(Data excerpts begins)

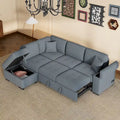 84.75  L-Shaped 5-Seat Sleeper Sectional Sofa with Storage Ottoman, Hidden Arm Storage, and USB Charging for Living Room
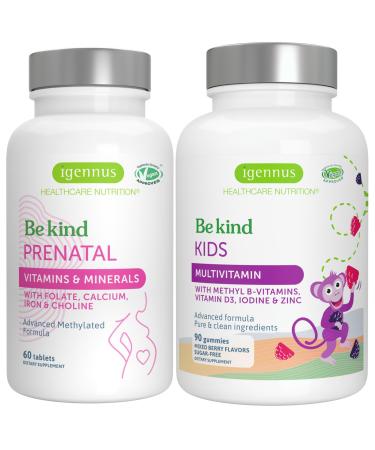 High Absorption Methylated Prenatal + Advanced Kids Multivitamin Gummy Vegan Bundle Clean Label with Vitamin A B C D3 & E 60 Tablets + 90 Berry Flavor Gummies Be Kind by Igennus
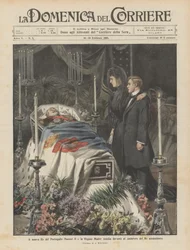 Il nuovo Re del Portogallo Manuel II e la Regina Madre Amelia davanti al cadavere del Re assassinato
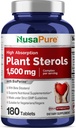 NusaPure Plant Sterols 1500 mg - 180 Tablets (Non-GMO, Vegan) Beta Sitosterol, Bioperine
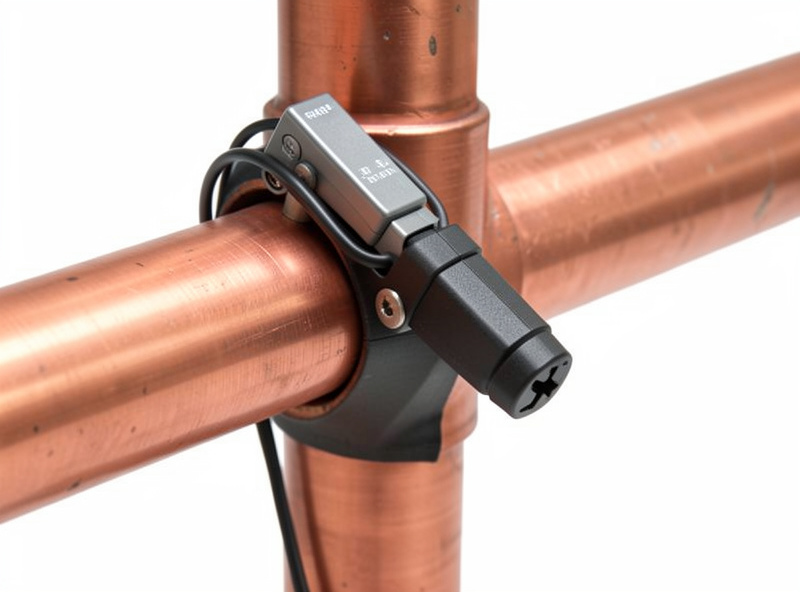 Clamp-on ultrasonic water flow sensor strapped to the outside of a copper main pipe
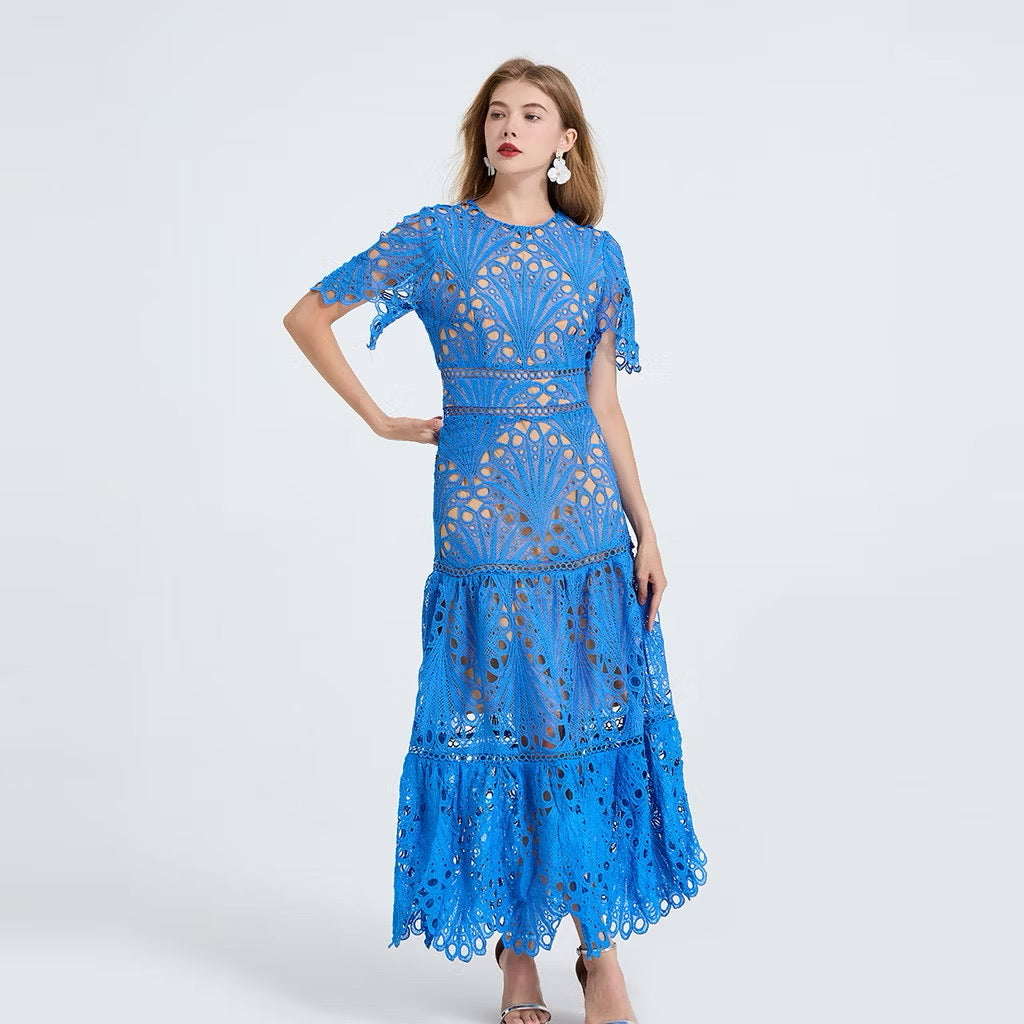 CM-DY053337 Women Elegant European Style Round Neck Short Sleeve High Waist Hollow Splice Long Dress - Blue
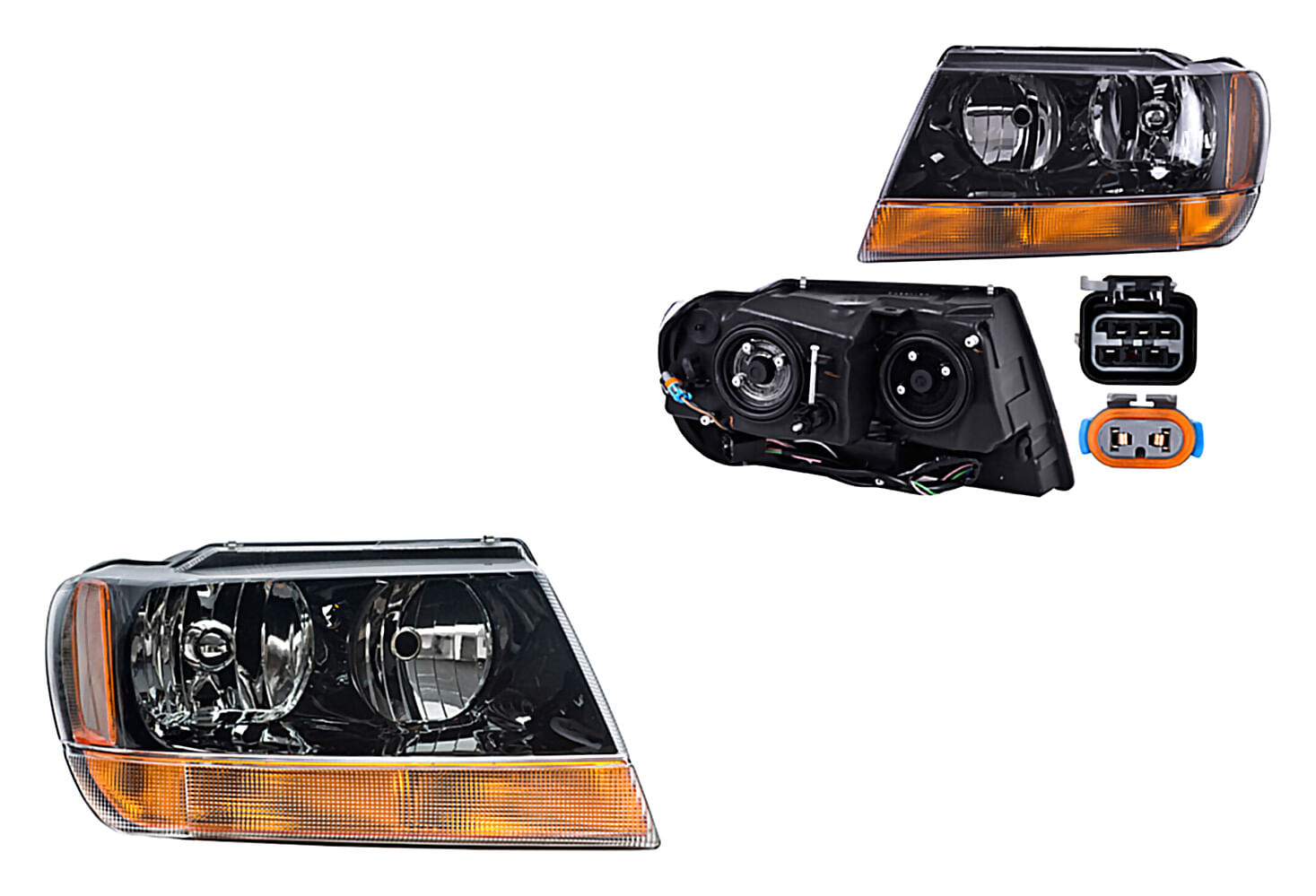 Par De Faros Fondo Negro Con Cuarto Ámbar Sin Foco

(Data excerpts ends)

Give the preceding data back exactly, minus every picture.

## Output of the task
 84.75  L-Shaped 5-Seat Sleeper Sectional Sofa with Storage Ottoman, Hidden Arm Storage, and USB Charging for Living Room
 High Absorption Methylated Prenatal + Advanced Kids Multivitamin Gummy Vegan Bundle Clean Label with Vitamin A B C D3 & E 60 Tablets + 90 Berry Flavor Gummies Be Kind by Igennus
 Il nuovo Re del Portogallo Manuel II e la Regina Madre Amelia davanti al cadavere del Re assassinato
 NusaPure Plant Sterols 1500 mg - 180 Tablets (Non-GMO, Vegan) Beta Sitosterol, Bioperine
 Clamp-on ultrasonic water flow sensor strapped to the outside of a copper main pipe
 CM-DY053337 Women Elegant European Style Round Neck Short Sleeve High Waist Hollow Splice Long Dress - Blue
 Par De Faros Fondo Negro Con Cuarto Ámbar Sin Foco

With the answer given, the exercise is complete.